> _EXERCISE PROMPT_
Reproduce the lines below exactly, from the one containing "Inviting living room" through the one containing "Una Toyota Yaris", both included. Leave out any pictures.

> _GIVEN RECORDS_
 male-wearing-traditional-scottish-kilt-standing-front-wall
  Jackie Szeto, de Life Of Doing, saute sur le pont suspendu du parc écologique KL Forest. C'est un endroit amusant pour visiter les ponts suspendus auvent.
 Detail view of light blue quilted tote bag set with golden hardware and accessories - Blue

...

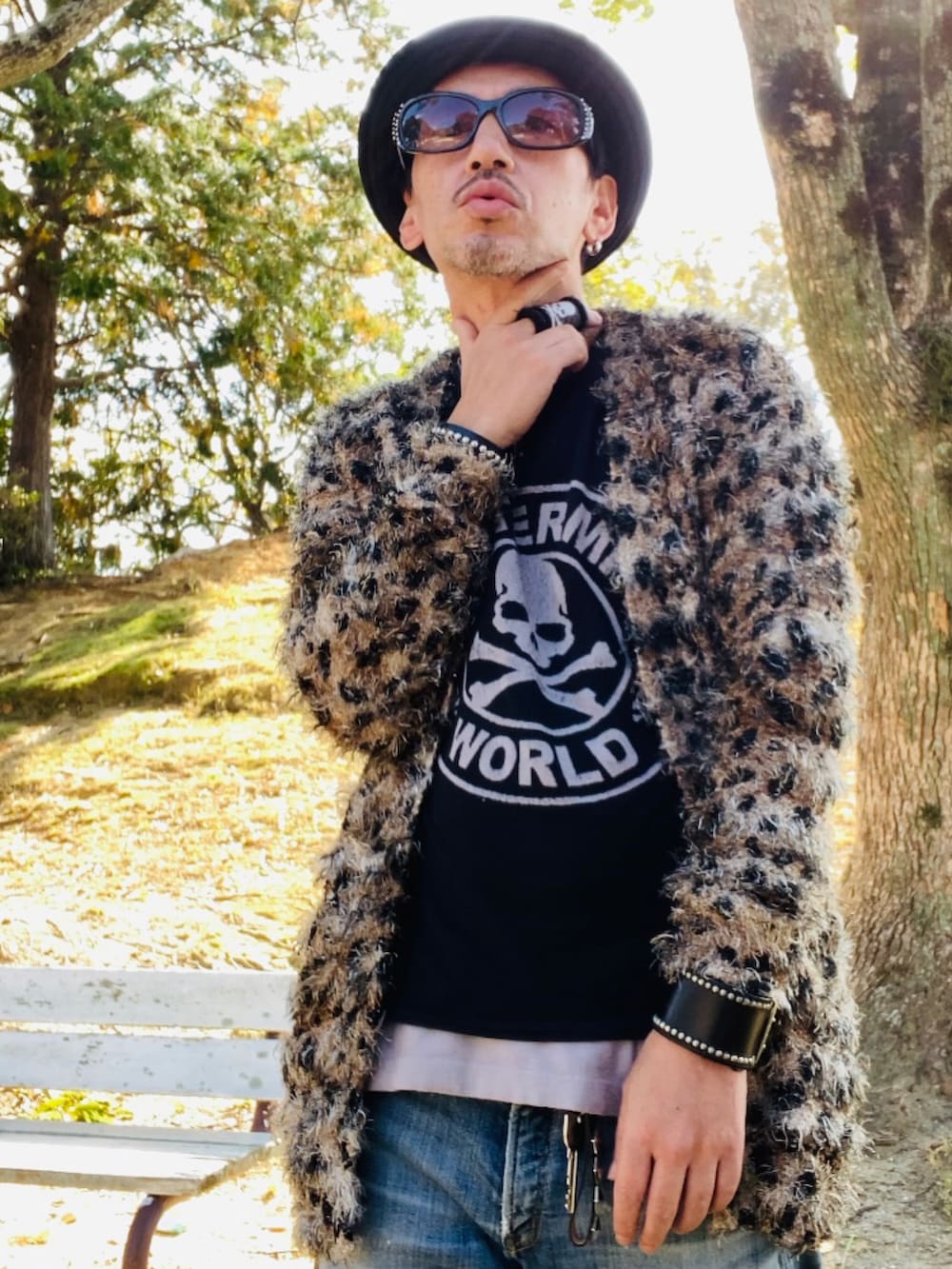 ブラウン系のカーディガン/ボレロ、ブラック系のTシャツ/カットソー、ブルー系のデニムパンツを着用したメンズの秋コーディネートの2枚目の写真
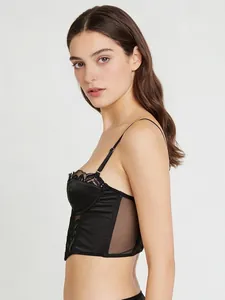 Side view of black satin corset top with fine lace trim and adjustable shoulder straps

---

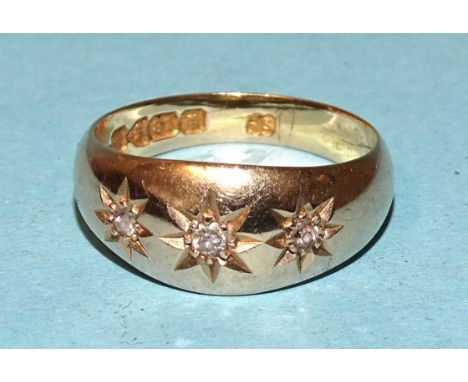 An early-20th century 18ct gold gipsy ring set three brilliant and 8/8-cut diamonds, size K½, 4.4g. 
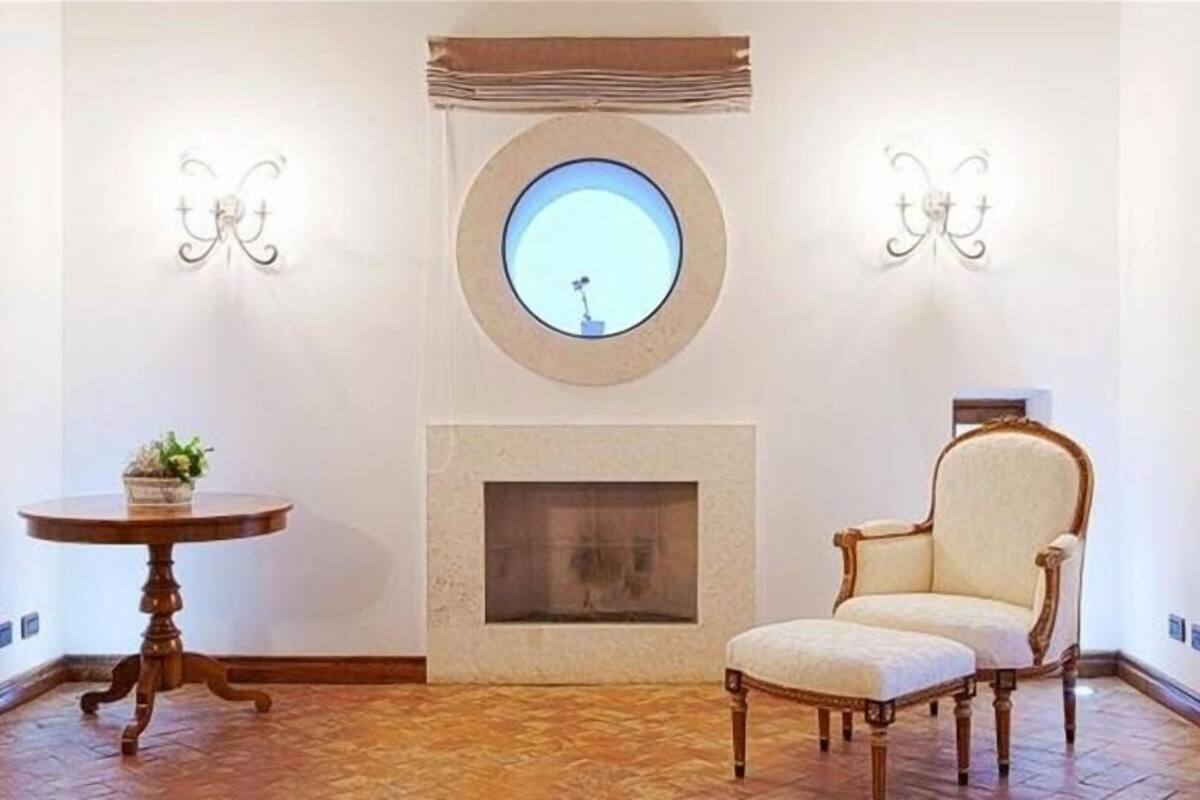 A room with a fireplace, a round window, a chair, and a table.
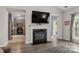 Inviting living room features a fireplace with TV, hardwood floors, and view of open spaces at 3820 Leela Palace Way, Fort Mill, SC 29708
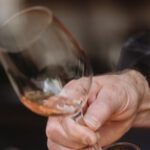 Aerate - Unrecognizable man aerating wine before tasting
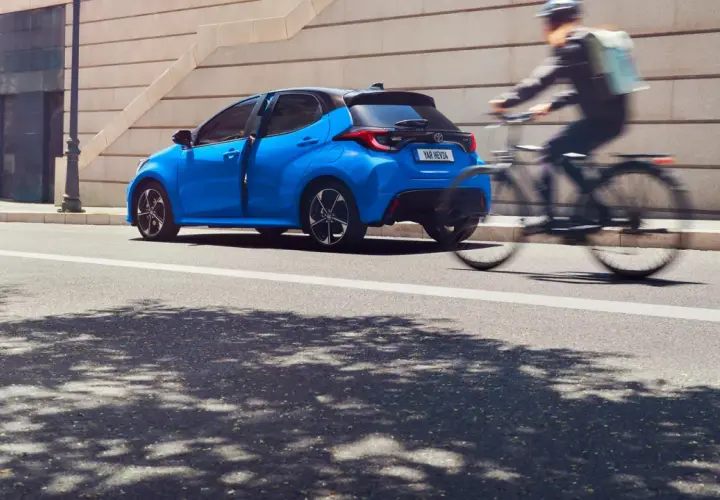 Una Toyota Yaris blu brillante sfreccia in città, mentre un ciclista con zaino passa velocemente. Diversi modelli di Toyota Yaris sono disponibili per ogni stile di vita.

> _OUTPUT BELOW_
 Inviting living room features a fireplace with TV, hardwood floors, and view of open spaces at 3820 Leela Palace Way, Fort Mill, SC 29708
 Aerate - Unrecognizable man aerating wine before tasting
 Una Toyota Yaris blu brillante sfreccia in città, mentre un ciclista con zaino passa velocemente. Diversi modelli di Toyota Yaris sono disponibili per ogni stile di vita.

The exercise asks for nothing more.